Saturday, February 24
DOCUMENT is pleased to present Video Drawings, Howardena Pindell’s first solo exhibition at the gallery. The exhibition will present a selection of photographic works realized between 1975 and 2007.
Pindell’s Video Drawings series is a meditation on the hegemony of the (tele)visual, one that forms a critique by way of the blur. In Pindell’s hands, blurring the image becomes a way to slow down the pace of image consumption in order to consider the multi-layered impacts of televisual images in everyday life. For these works, first Pindell drew an intuitive composition of lines and arrows onto sheets of acetate. These transparencies were then placed in front of a television screen, where the sheet would stick due to the static electricity that emitted from the screen. Sitting away from both the television and the camera propped in front of it, she would “watch” TV through the acetate, and decidedly take photographs with a cable release when she felt the image on TV compelled an interesting relationship with the drawn acetate composition.
This final image yields a “drawn” composition of a material meditation on the formal processes of image transmission and translation across media, coupled with then-current events, which also hauntingly remain relevant to the contemporary viewer. These works focused on sporting events in the mid-1970s and Pindell turned to images from war-torn countries throughout the 1980s.

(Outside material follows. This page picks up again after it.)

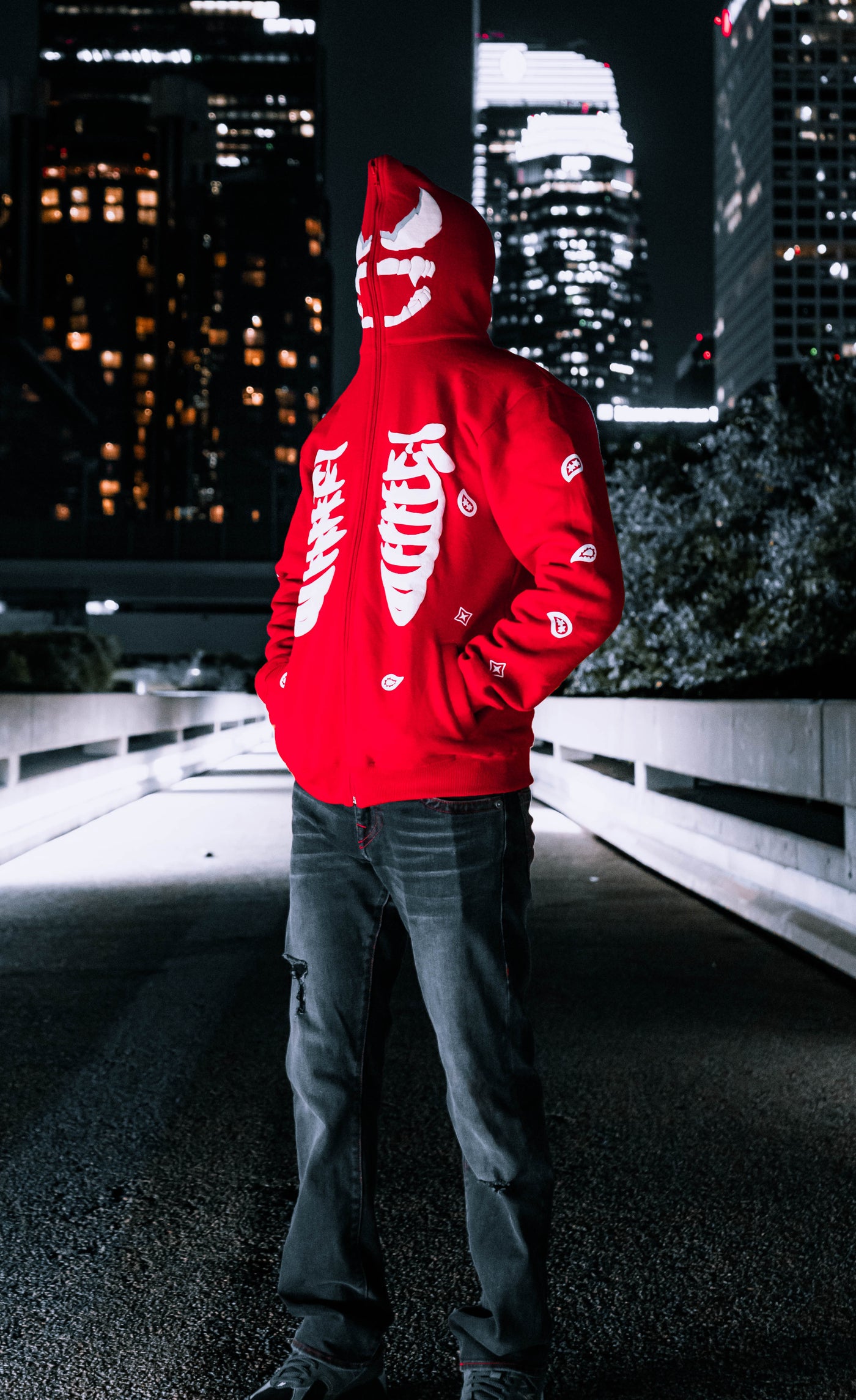 Red Bandana Rib Cage - Full Zip-Up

Video Drawings move away from the clarity presupposed by the photographic, and instead make room for the generative processes of televisual translation as a signpost of contemporary life. If, as Guy Debord would have it, the “society of the spectacle”— an endless loop of mediation and image-consumption where our leisure time is merely another form of work— best characterizes post-WWII life, then Pindell’s particular mode of photographic capture asks us to rethink the influence of televisual in our everyday lives. We can situate Pindell’s series, which began in the mid-1970s, within a history of video art, which emerges earlier in that decade. Many early video artists were particularly interested in how television reshaped what could be considered “art,” in many of the same ways that photography had done in the 19th century.